METHODS: Interim results from this retrospective cohort study includes Comirnaty® vaccinated and unvaccinated individuals matched 1:1 from four European countries and five electronic health record (EHR) data sources from the VAC4EU network: the Netherlands (PHARMO; general practitioner (GP) data), Italy (Pedianet; GP), Spain (EpiChron-IACS and SIDIAP; GP and inpatient), and Norway (NHR; GP and inpatient/outpatient specialist). Cumulative incidence rates of AESIs were calculated following the date of 1st dose vaccination or matched index dates in unvaccinated. Propensity score adjusted hazard ratios (HRs) were calculated within event-specific risk windows. Analyses were conducted using a common protocol, the ConcePTION common data model, and common analytical programs.
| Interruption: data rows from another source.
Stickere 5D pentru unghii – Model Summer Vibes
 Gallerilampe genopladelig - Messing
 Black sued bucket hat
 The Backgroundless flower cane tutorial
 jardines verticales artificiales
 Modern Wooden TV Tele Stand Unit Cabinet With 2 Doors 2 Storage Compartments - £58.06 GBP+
RESULTS: From vaccine launch in December 2020 until December 2022 (Pedianet, EpiChron-IACS, and SIDIAP), March 2023 (PHARMO), or December 2021 (NHR), 7,923,975 recipients of ≥1 dose of Comirnaty® were identified and matched with an unvaccinated individual (10,478 in Pedianet, 3,542,453 in NHR, 648,737 in PHARMO, 611,445 in EpiChron, and 3,110,862 in SIDIAP). No clear patterns of increased AESI risk after vaccination were identified, except for arrhythmia and hypermenorrhea in three data sources. The HRs for arrhythmia were 1.73 (95% CI: 0.79, 3.78) in Pedianet, 1.04 (95% CI: 1.00, 1.07) in NHR, 1.28 (95% CI: 1.19, 1.38) in PHARMO, 1.07 (95% CI: 0.98, 1.17) in EpiChron, and 1.02 (95% CI: 0.98, 1.06) in SIDIAP. The HRs for hypermenorrhea were 6.62 (95% CI: 0.80, 54.62) in PHARMO, 1.38 (95% CI: 1.21, 1.57) in EpiChron, and 1.09 (95% CI: 1.03, 1.16) in SIDIAP.

CONCLUSIONS: This PASS evaluated the safety of Comirnaty® through 38 prespecified AESIs, using EHR data in almost 8 million vaccinated individuals. The incidence rates of AESIs were comparable with available published background incidence rates in unvaccinated cohorts. There were small elevations in risk observed for arrhythmia in the PHARMO data source, and hypermenorrhea in the EpiChron and SIDIAP data sources. These associations are being further evaluated.